O’Shea Building
Construction Special Projects
:+: By Kevin Anway
On the rooftop and in our wheelhouse
The four-story O’Shea Building, located at 1524 5th Avenue and home of Old Navy, opened in 1914. When it opened, the building replaced the Olympic Stables (horse parking) and a Methodist Church. The building was renovated in 2000 and is now undergoing another significant upgrade. Steve Buerk of RAFN asked Kevin Anway if MacDonald-Miller could perform a building-wide mechanical survey for KG Investment Properties (KGIP). After the survey, MacMiller provided a proposal for new rooftop mechanical equipment and was awarded the rooftop unit replacement.
The vintage 2000 rooftop equipment had electric heat and cooling in the same unit. However, since the year 2000 codes have changed to prohibit the use of electric resistance heat and cooling within the same unit unless it is a heat pump. New heat pump configurations were not compatible with the existing footprints, weights, or electrical loads of the existing equipment, so the equipment was replaced with AC-only units. Therefore, heating had to be done at the zone level. MacMiller was informed only two weeks in advance that Seattle was planning to enact a moratorium prohibiting zone level electric resistance. Engineering had to scramble to get permit applications to the city to beat the deadline and set KGIP up for their future tenant needs. After overcoming several significant permitting issues, MacMiller was also awarded a complete controls retrofit opportunity.
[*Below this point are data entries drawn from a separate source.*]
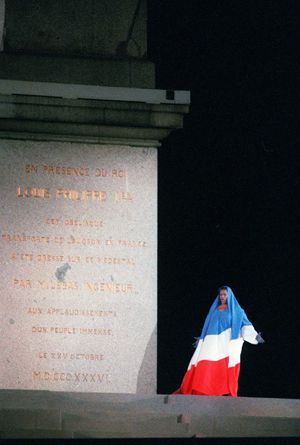 Drapée dans le drapeau français, la cantatrice américaine Jessye Norman interprète La Marseillaise, sur la place de la Concorde à Paris, le 14 juillet 1989, là l'occasion des fêtes de commémoration du bicentenaire de la Révolution française. (​JOEL ROBINE / AFP )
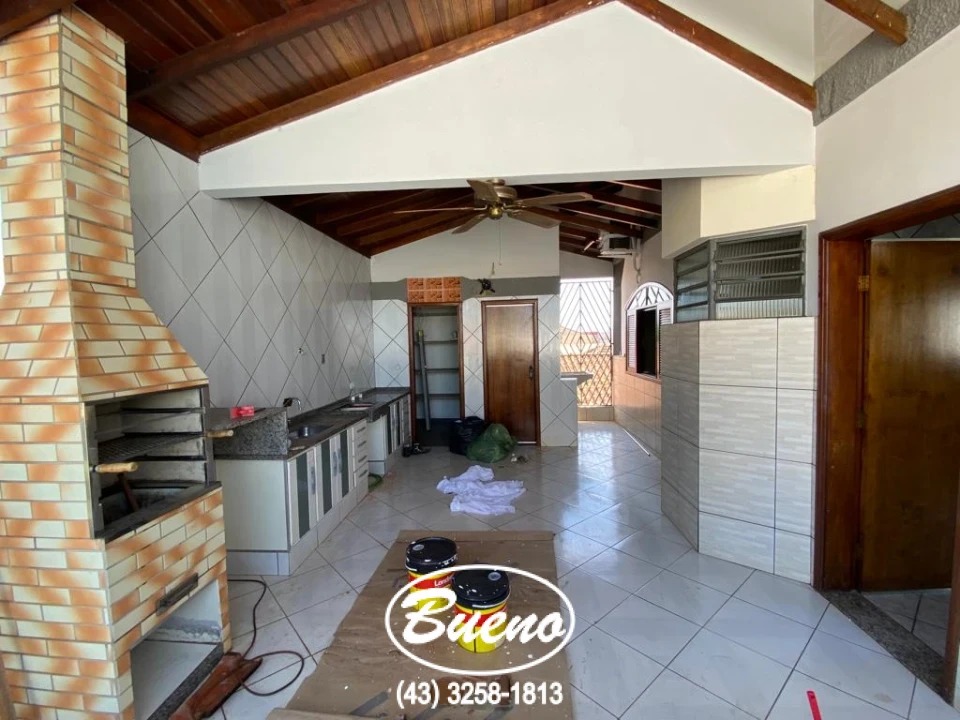 Imagens do imóveis Apartamento Sobre Loja no Centro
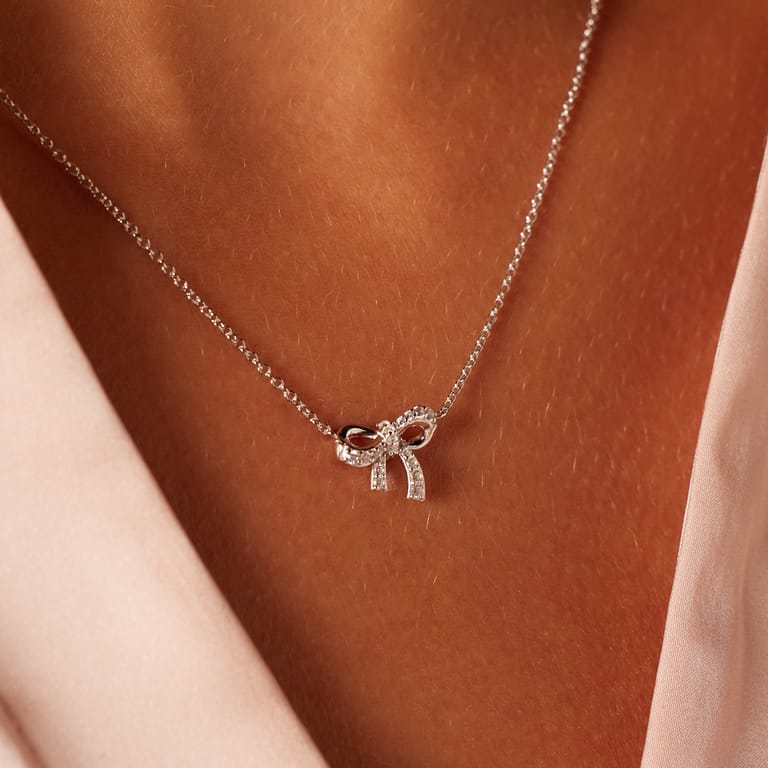 Zilveren ketting strik zirkonia
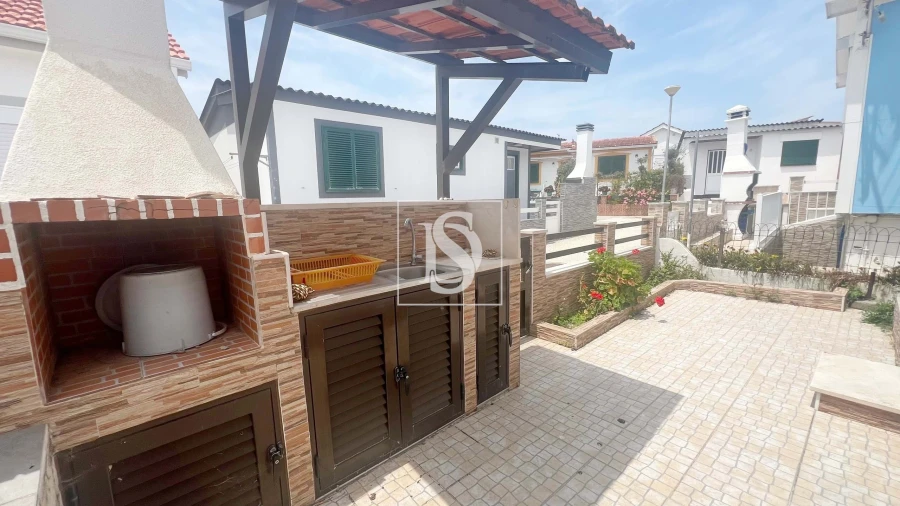 Moradia T2 para Venda em Ferrel Foto 3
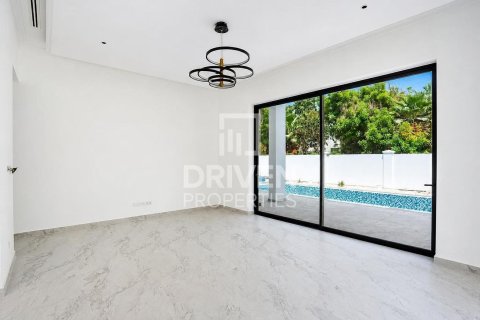 Villa para arrendamento em Al Barari, Dubai, EAU 6 quartos, 1902.84 m2 № 762603 - foto 4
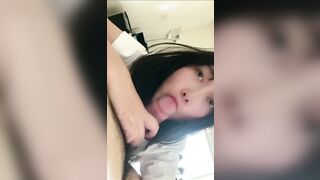 “Này sao mặt ngây thơ mà bảo bú cặc kiểu gì em cũng thành thạo thế”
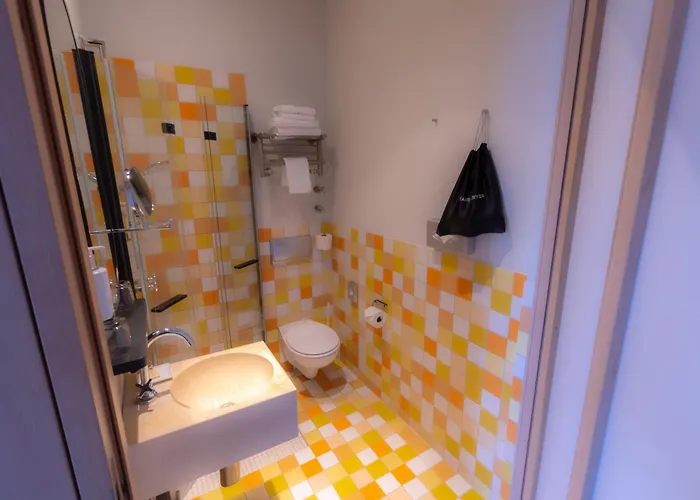 Bleibtreu By Golden Tulip 4*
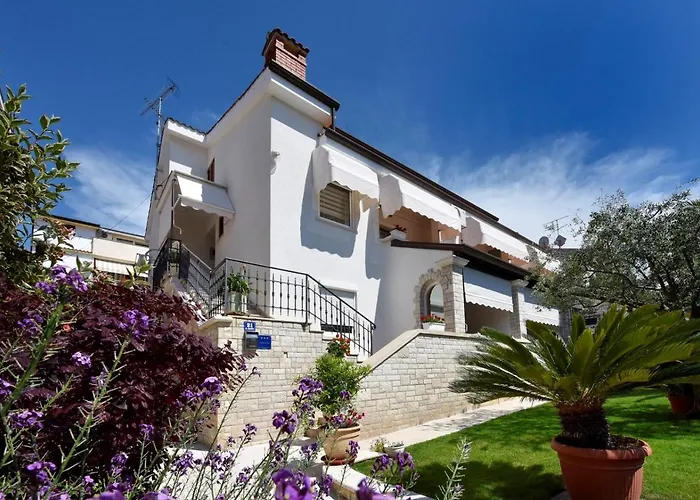 Apartments Lavizatic Poreč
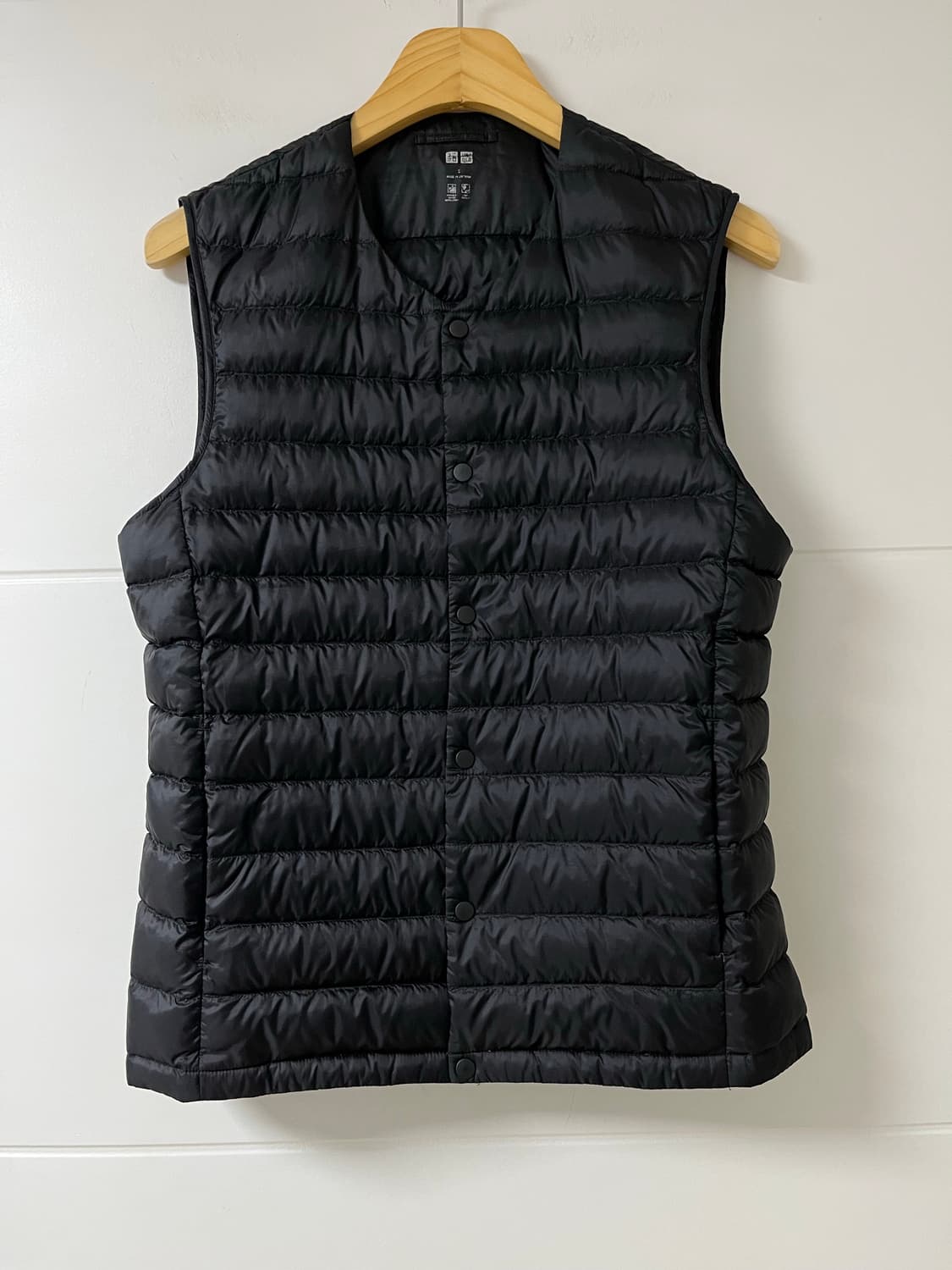 유니클로 경량 패딩 조끼 상품이미지1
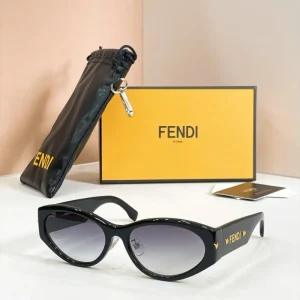 Fendi Unisex Sunglasses FE40239I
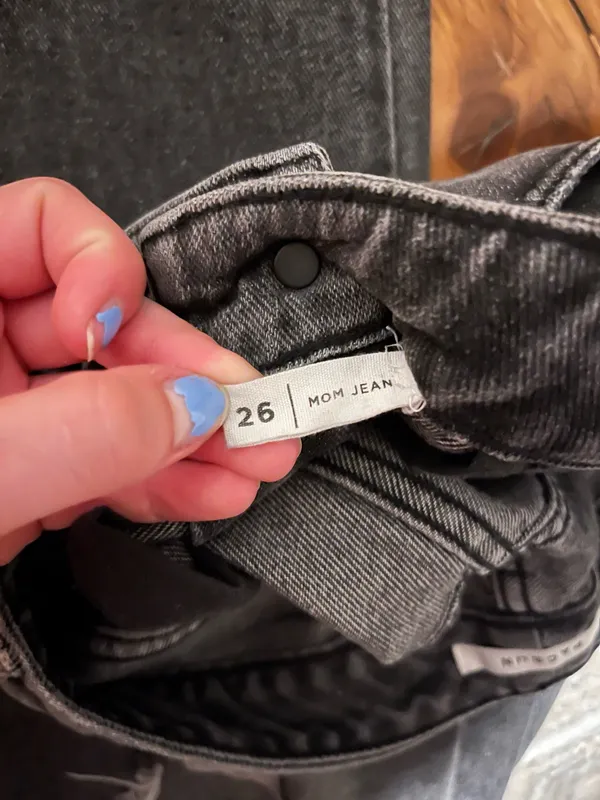 PacSun Black Mom Jeans Ripped - Image 5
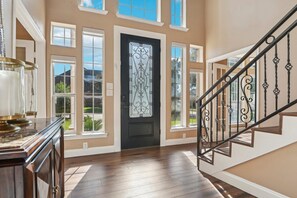 Interior - Luxurious, spacious, private- yet close to all of DFW's finest attractions. (North Richland Hills)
After extensive and meticulous field sheet metal coordination and planning, street use and noise ordinance permits (by Todd Selland at Barnhart), advanced shop fabrication of support structures for new rooftop equipment, and up-front design and installation of new controls, MacMiller was ready for the day of the crane pick. Each of the existing units were mounted on custom shop-fabricated steel cross-members, supported by spring isolators. Fifth Avenue was blocked off between Pike Street and Pine Street so the crane could be set up and still allow large semi-trailers to bring the new equipment to the job site. The units were up and running by Monday, which was a must for a retailer like Old Navy as well as for the occupied tenants on floors three and four.
This project had many challenges, but engineering (primarily Art Joseph and George Graham), our field sheet metal crew (headed by Nate Waagen and field foreman Mike Contreras), controls installation crews (headed by Dave Goff, field foreman Ryan McFarlan, and Sam Shipley) along with our main project coordinator Mike Reichert made it all happen. Our customers, KGIP and RAFN were very happy with the results and have since awarded MacMiller (Kelly Johnson) a service contract for all of the equipment in the building. There are a lot of people who are not named above but were instrumental in making this happen. Hard hats off to all of them for a job well done!